ZIP OFF CAST (Z.O.C.)
FIVE MONSTER HITS
Released 1995 (Alfadacaz)
01. 19th Nervous Revolution
02. Fair Weather Friends
04. The First Ones Free
05. Don’t Name Drop The Dead
08. Tough Times
09. Packin’ (At McDonald’s)
10. Political Prisoners
Frank C. Starr – vocals
Rob Thrall – lead and rhythm guitars
Brent (Turmoil) Turner – rhythm guitars
Pharoah – bass and background vocals
Bill Gagliardi – drums
Cyndi Mitchell – background vocals (5)
Chaka – background vocals (8 & 10)
Tone-Yo – background vocals (8 & 10)
Clay Goldstein – harmonica (7)
Chis Vitas – violin (3 & 7)
Produced and recorded by Zip Off Cast and M. Karpiac.
This is an album I never knew existed. Of course some of you may be wondering why I would even care about discovering a band named Zip Off Cast (which originally were known as Mad Reign). There is one simple answer to that question – Frank C. Starr. Yes, the same Frank C. Starr that copyrighted attitude with the massively under-acknowledged Four Horsemen. So imagine my surprise and excitement when I received an email telling me that one of the greatest front men in hard rock history actually recorded another album!
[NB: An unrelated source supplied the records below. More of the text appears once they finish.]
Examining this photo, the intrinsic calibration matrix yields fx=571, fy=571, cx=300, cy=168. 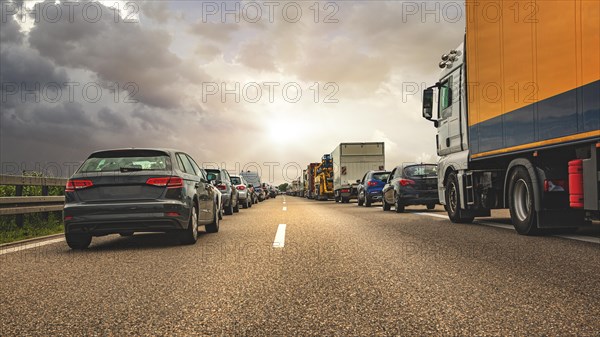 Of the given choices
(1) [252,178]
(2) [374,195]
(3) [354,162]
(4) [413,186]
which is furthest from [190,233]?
(1) [252,178]

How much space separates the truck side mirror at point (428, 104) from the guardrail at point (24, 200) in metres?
8.54

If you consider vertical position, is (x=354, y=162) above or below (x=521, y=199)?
above

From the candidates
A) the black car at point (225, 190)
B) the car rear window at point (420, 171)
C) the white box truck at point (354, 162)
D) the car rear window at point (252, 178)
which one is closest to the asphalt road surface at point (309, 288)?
the car rear window at point (420, 171)

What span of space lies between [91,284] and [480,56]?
7.43m

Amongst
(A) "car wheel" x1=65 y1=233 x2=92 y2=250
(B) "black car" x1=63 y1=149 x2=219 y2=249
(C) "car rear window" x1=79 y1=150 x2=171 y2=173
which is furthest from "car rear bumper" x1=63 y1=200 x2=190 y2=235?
(C) "car rear window" x1=79 y1=150 x2=171 y2=173

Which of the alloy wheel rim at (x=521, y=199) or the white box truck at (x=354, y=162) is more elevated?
the white box truck at (x=354, y=162)

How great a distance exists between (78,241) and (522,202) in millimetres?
6857

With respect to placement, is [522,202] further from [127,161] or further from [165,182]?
[127,161]

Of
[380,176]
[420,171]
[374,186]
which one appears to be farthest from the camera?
[380,176]

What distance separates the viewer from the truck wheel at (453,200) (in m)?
11.9

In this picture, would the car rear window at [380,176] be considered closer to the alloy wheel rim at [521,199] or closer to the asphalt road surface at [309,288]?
the alloy wheel rim at [521,199]

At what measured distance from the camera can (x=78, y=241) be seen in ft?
27.3

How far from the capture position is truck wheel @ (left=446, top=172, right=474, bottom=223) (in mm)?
11891

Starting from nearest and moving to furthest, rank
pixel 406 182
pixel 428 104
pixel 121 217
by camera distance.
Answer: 1. pixel 121 217
2. pixel 428 104
3. pixel 406 182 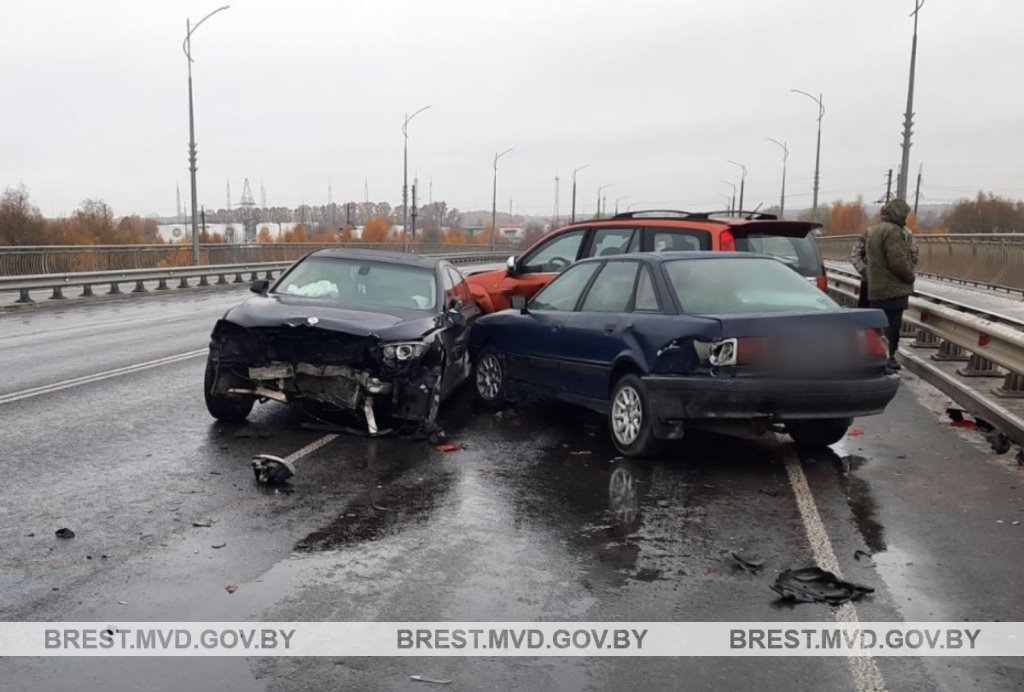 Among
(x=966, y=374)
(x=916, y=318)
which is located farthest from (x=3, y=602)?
(x=916, y=318)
I fucking near wet my pants.
But then I began to worry. What if there was a reason this album is unknown? Could Frank have actually been part of a disappointment? Needless to say I had my fingers crossed when Five Monster Hits arrived and found its way into my CD player. Then the opening bass-line of “19th Nervous Revolution” came on, sounding like Alice Cooper‘s “Gutter Cats Vs. The Jets” followed by a whimpering vocal. Oh oh, maybe my fears were justified after all. But then it happened, the chorus hit and Frank C. Starr was spewing venom just like I remembered.
This isn’t a Four Horsemen release as it is more experimental than they were with some slap bass patterns and interesting guitar leads. But the dual guitar attack and attitude is still there, and some of the songs could have fit comfortably on Gettin’ Pretty Good…At Barely Gettin’ By… For instance take “Faith” – it has that typical mellow intro before turning aggressive, balancing between both for maximum effect. The guitar crunch on “Tough Times” matches the vocals perfectly and reminds you of the type of pissed off anthem that the Four Horsemen made famous. “Political Prisoners” is the best song on the disc thanks in part to its sing-a-long chorus.
It is rare these days to come across something that you hadn’t heard, but also that you hadn’t even heard of. Tragically, just like the Horsemen, two fifths of this band has passed away. I guess the old saying of only the good die young is true, but it in this case it was the good – with bad attitudes.